SM: Why did you your choose to publish your works with Arsenal Pulp? Can you talk a bit about that publishing house from your perspective as an author who published his first two creative works with them?

DD: Arsenal Pulp has been an outstanding support for the LGBTQ community for decades and they continue to expand and change along with the community. I sent my first manuscript to them out of sheer good luck; I had no idea they would be so supportive and so knowledgeable. They have remained the obvious place to go for excellent Canadian queer writing. My editors at both Arsenal Pulp and Coach House have just been brilliant; I am always astounded by their commitment to detail and their willingness to give so much time to my work. Other presses may be equally committed; I’ve just had the good fortune of having my creative work taken by these two.

SM: In terms of “creative” work, what are you working on right now? Who are you presently reading?

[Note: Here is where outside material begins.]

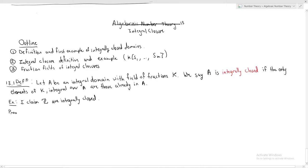How do I prove this? Z has field of fractions Q. I'm going to take an arbitrary element of Q which is integral over Z and show that it has to be an integer. Let a/b in Q be integral over Z. I'm going to show that b necessarily divides a, so that this is actually an integer. By definition of integral, I can find some monic polynomial that this satisfies. Let f(x) = x^n + c_{n-1} x^{n-1} + ... + c_0.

DD: I’m writing a novel based on the various communities of people who live in the West Kootenays where I grew up: Doukhobours, folks who escaped the draft, a growing queer community, older and newer hippies, environmentalists, pagans, and others. I am keen to represent the beauty and gentle humour of their hybrid worldview. I’m currently also finishing a scholarly monograph on the Neo-Pagan Movement in Britain from 1870 to 1920, so I’m reading Walter Pater, Edward Carpenter, Michael Field, Vernon Lee, and others. And then I’m bringing this together with current posthumanist and eco-pagan theory.

SM: Are there any other comments you’d like to make or any questions you’d like to broach that I haven’t asked?

DD: No, Stephanie. I’d just like to thank you for this opportunity to revisit the novel, and to think through some of its intentions so many years later. It’s been a real pleasure.

SM: Thanks, Dennis, for taking the time to answer these questions.